**Excerpted data**
== Segment start ==

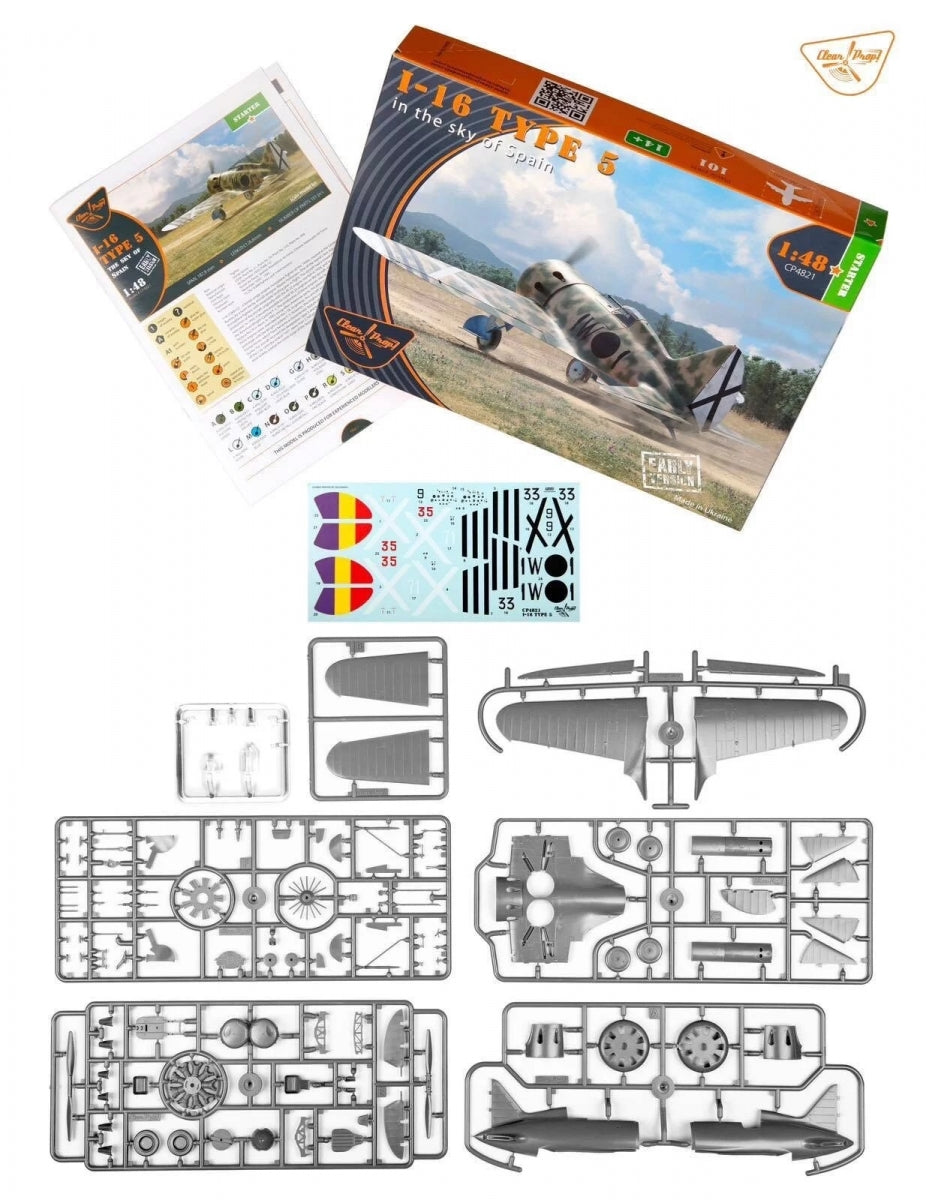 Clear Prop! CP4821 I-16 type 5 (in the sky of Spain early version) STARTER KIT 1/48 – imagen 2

== Segment end ==
== Segment start ==

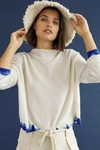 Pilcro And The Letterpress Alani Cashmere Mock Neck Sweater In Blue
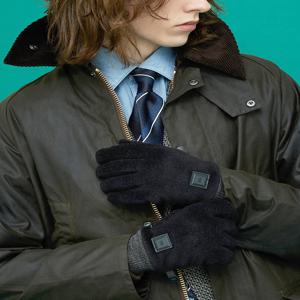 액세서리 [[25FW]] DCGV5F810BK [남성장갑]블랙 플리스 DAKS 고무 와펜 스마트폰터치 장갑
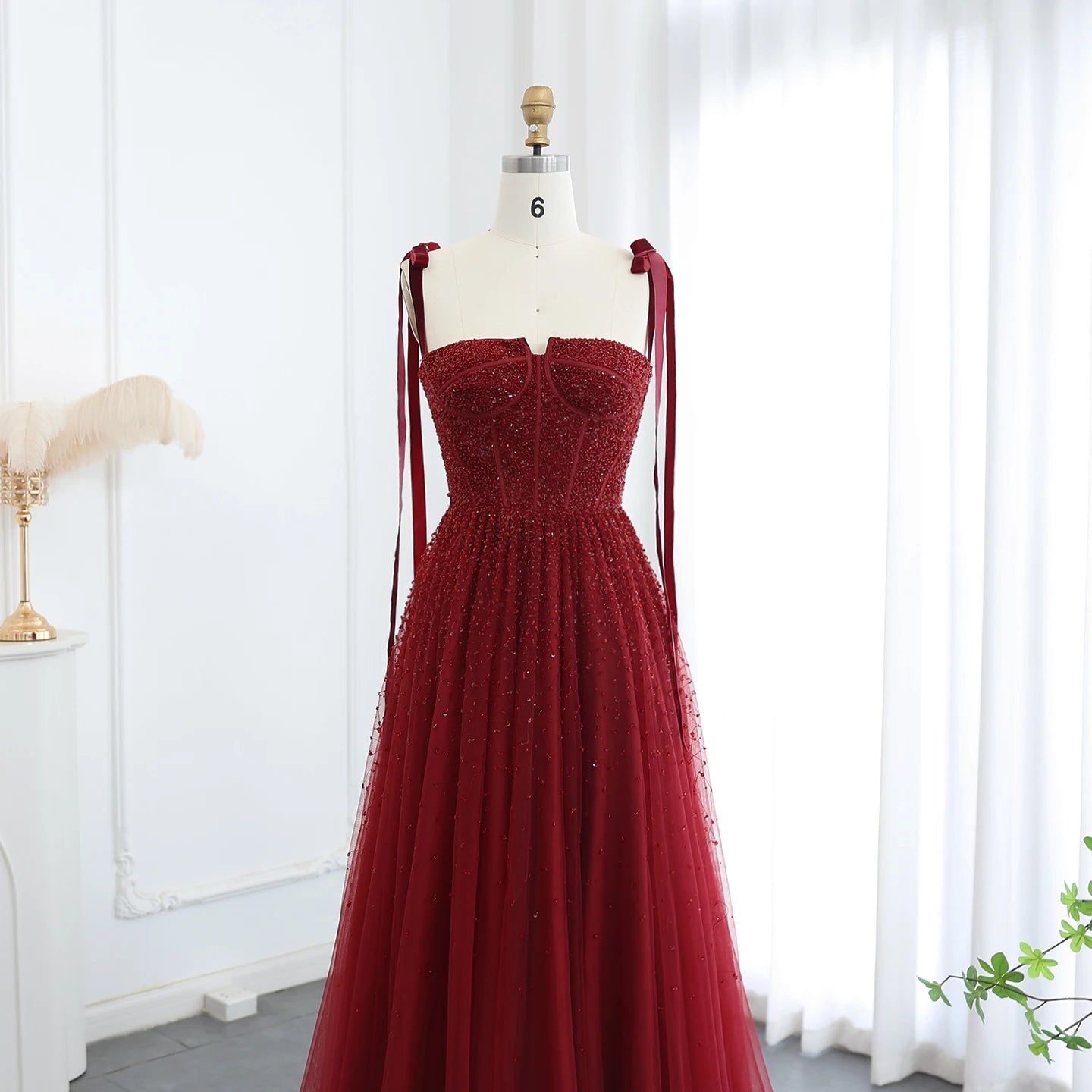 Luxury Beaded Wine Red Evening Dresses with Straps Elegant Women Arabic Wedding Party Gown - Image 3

== Segment end ==

**Exercise goal**
From the records above, transcribe only the stretch from the line with "Pilcro And The" through the line with "Luxury Beaded Wine", keeping both ends. Omit pictures.

**Answer below**
 Pilcro And The Letterpress Alani Cashmere Mock Neck Sweater In Blue
 액세서리 [[25FW]] DCGV5F810BK [남성장갑]블랙 플리스 DAKS 고무 와펜 스마트폰터치 장갑
 Luxury Beaded Wine Red Evening Dresses with Straps Elegant Women Arabic Wedding Party Gown - Image 3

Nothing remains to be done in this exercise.